O perfil rítmico de um espetáculo vai além disso, e encenadores sensíveis (em grande número aqueles que tiveram alguma iniciação musical) sabem disso. É comum ouvirmos, a respeito de um espetáculo teatral, que ele possui alto senso de musicalidade. Nem sempre se quer dizer com isso que ele apresenta canções, nem mesmo que conte com trilha sonora musical (embora, às vezes, seja esse o caso). Geralmente essa qualidade – no sentido de característica – é atribuída como qualidade – no sentido de um adjetivo elogioso – ao espetáculo que se faz perceber, pelo espectador, como harmonioso, seja em sua duração, seja na concatenação de seus elementos. Neste caso, um espetáculo harmonioso é o que não deixa o espectador perceber o tempo passar. Isto é, a percepção temporal da platéia é induzida, pelo prazer da fruição, a entender como curta uma experiência gratificante. Ao contrário, espetáculos tediosos seriam os que causam a impressão de nunca acabar, ou de durar “além do necessário”, quando, aos olhos (e demais sentidos) do espectador, ele já teria completado sua mensagem1.
Um espetáculo harmonioso poderia ser também o que concatena de tal forma (prazerosa) suas partes constitutivas (interpretação, texto, cenário, etc.), que dá a impressão de que essas partes estão todas “em seus devidos lugares”, numa justa proporção, contribuindo para a construção de uma obra que, em sua totalidade, soa íntegra e adequada. Essa “justa forma” ganha, freqüentemente, a associação com uma sinfonia. Na composição musical, a harmonia é a combinação vertical dos desenhos de cada voz ou instrumento – no nosso caso, por analogia, ela poderia ser a combinação dos elementos que compõem a cena. Por isso se diz que um bom espetáculo “soa como música”
– tal como o senso comum diz de um bom time de futebol, entrosado e com boas jogadas ensaiadas, que ele “joga por música”.
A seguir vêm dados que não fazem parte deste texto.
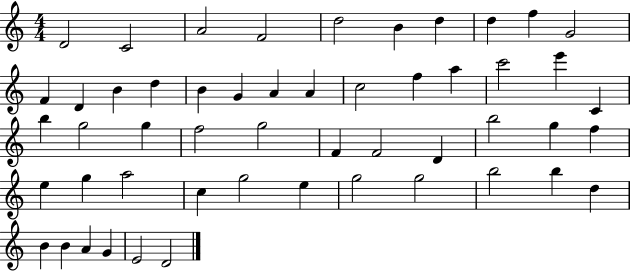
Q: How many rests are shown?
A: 0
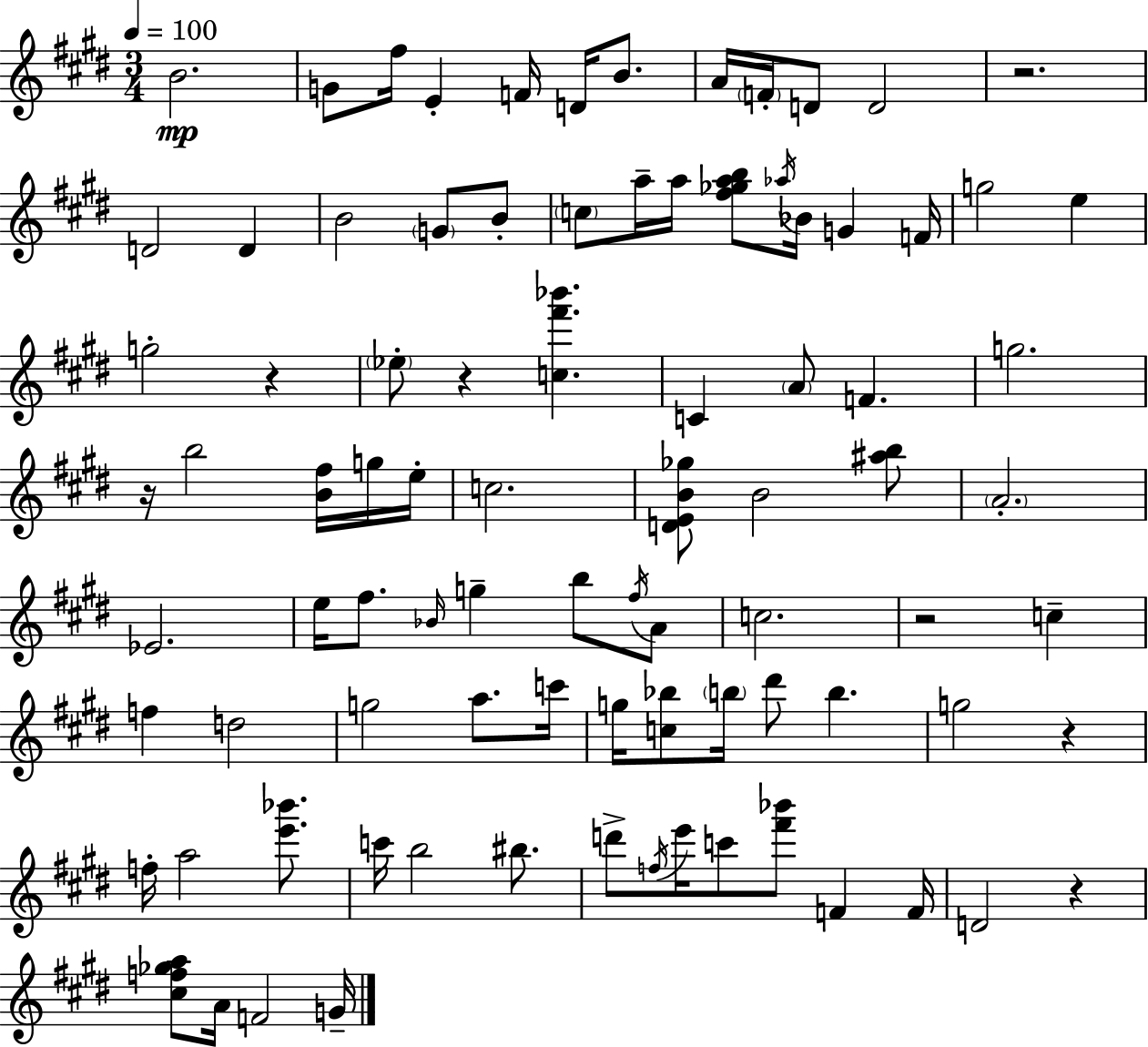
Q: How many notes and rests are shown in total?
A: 88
É interessante notar que, em ambos os casos, a percepção da musicalidade é atribuída ao receptor, no sentido em que a musicalidade é considerada um atributo perceptível em maior ou menor grau, a depender da sensação de conforto ou desconforto do espectador. Talvez por estar tão intrinsecamente ligada à percepção sensórioemotiva, a questão da musicalidade no espetáculo cênico – sua definição, análise e procedimentos para criá-la – tenha ficado, ao longo da história no teatro ocidental, relegada a segundo plano. O fato é que não há muita literatura crítica a respeito, nem de análise, nem de demonstração de exemplos, mesmo no campo da recepção teatral. Esta suposta não-preocupação em analisar um fenômeno que é reconhecível intuitivamente pode também estar ligada a uma certa tradição de abordagem da história do teatro e das estéticas teatrais – uma tradição que privilegia os sentidos da obra, em uma tentativa de apreensão semântica da mesma, em detrimento do estudo de suas formas, seus procedimentos de criação metodológicos e da construção de sua sintaxe.
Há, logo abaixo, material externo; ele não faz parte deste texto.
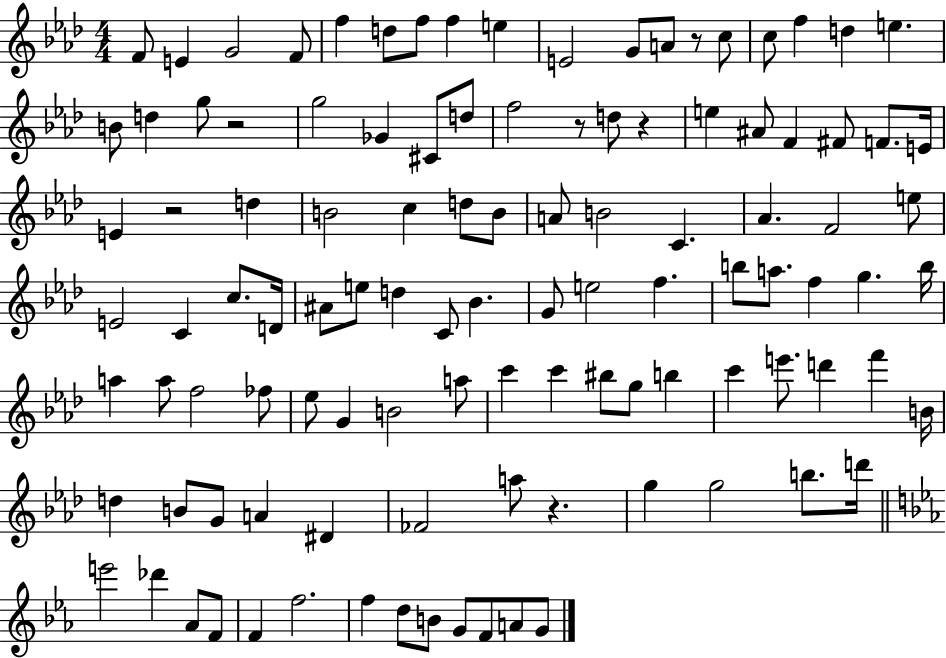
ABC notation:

1 Um lendário crítico teatral da Viena dos anos 20 -30, Alfred Polgar, disse certa vez a respeito de um espetáculo, com a acidez que lhe era peculiar: “[...] o espetáculo começou às 08:00. Depois de duas longas horas olhei no meu relógio: eram oito horas e dez minutos [...]”. Citado por Ewald Hackler em depoimento oral, 2007.
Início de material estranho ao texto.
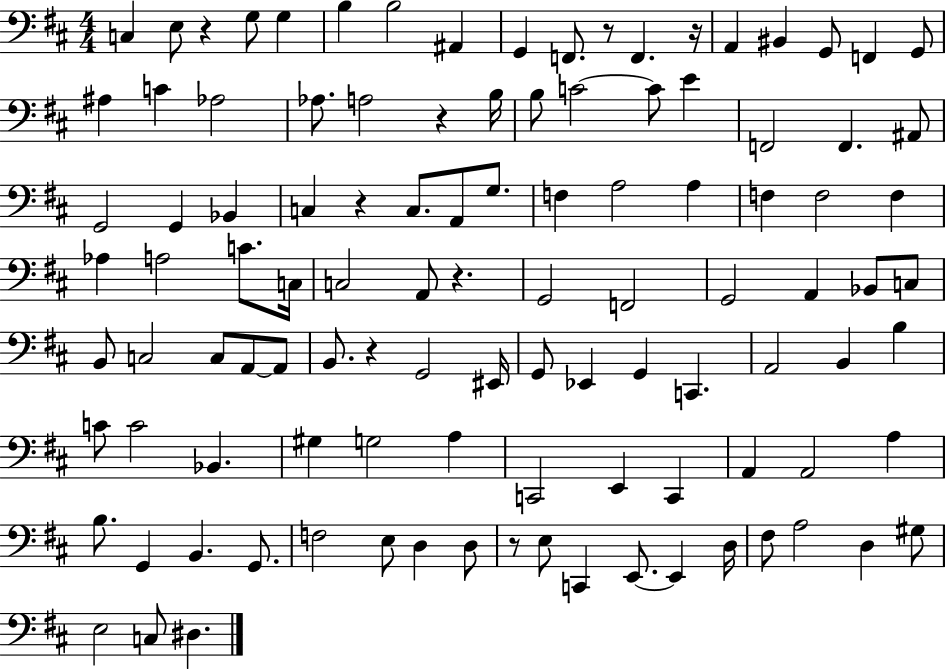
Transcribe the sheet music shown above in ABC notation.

X:1
T:Untitled
M:4/4
L:1/4
K:D
C, E,/2 z G,/2 G, B, B,2 ^A,, G,, F,,/2 z/2 F,, z/4 A,, ^B,, G,,/2 F,, G,,/2 ^A, C _A,2 _A,/2 A,2 z B,/4 B,/2 C2 C/2 E F,,2 F,, ^A,,/2 G,,2 G,, _B,, C, z C,/2 A,,/2 G,/2 F, A,2 A, F, F,2 F, _A, A,2 C/2 C,/4 C,2 A,,/2 z G,,2 F,,2 G,,2 A,, _B,,/2 C,/2 B,,/2 C,2 C,/2 A,,/2 A,,/2 B,,/2 z G,,2 ^E,,/4 G,,/2 _E,, G,, C,, A,,2 B,, B, C/2 C2 _B,, ^G, G,2 A, C,,2 E,, C,, A,, A,,2 A, B,/2 G,, B,, G,,/2 F,2 E,/2 D, D,/2 z/2 E,/2 C,, E,,/2 E,, D,/4 ^F,/2 A,2 D, ^G,/2 E,2 C,/2 ^D,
Proscênio Nesta visão do teatro, torna-se mais premente o
estudo dos temas, dos assuntos, das relações
morais entre personagens, dos aspectos
sociológicos, do que sua organização formal.
Entrementes, a musicalidade, entendida
como uma construção dinâmica dos signos
plásticos e sonoros do espetáculo, remete-nos
àquele componente do fenômeno teatral inerente
ao domínio do imponderável, aquele que
ninguém consegue explicar, embora todos
busquem seu segredo: o que faz de um espetáculo
uma verdadeira sinfonia. isso nos leva a
reconhecer, em determinado encenador ou ator,
o domínio do timing certo, um determinado senso rítmico apurado. É o segredo conversado nas cantinas e restaurantes, após cada estréia, em todas as partes do mundo; é o quebra-cabeça dos críticos especializados, que tentam traduzir o intraduzível, definir o indefinível: porque um espetáculo “soa”, “ressoa”, provoca ressonâncias (afetivas) e outro simplesmente... não.
Seria útil iniciar esta investigação pelo conceito de música que emana do próprio campo da teoria musical. Os dicionários classificam música tanto como “arte e ciência de combinar os sons de modo agradável ao ouvido” como “qualquer composição musical”, ou mesmo “qualquer conjunto de sons”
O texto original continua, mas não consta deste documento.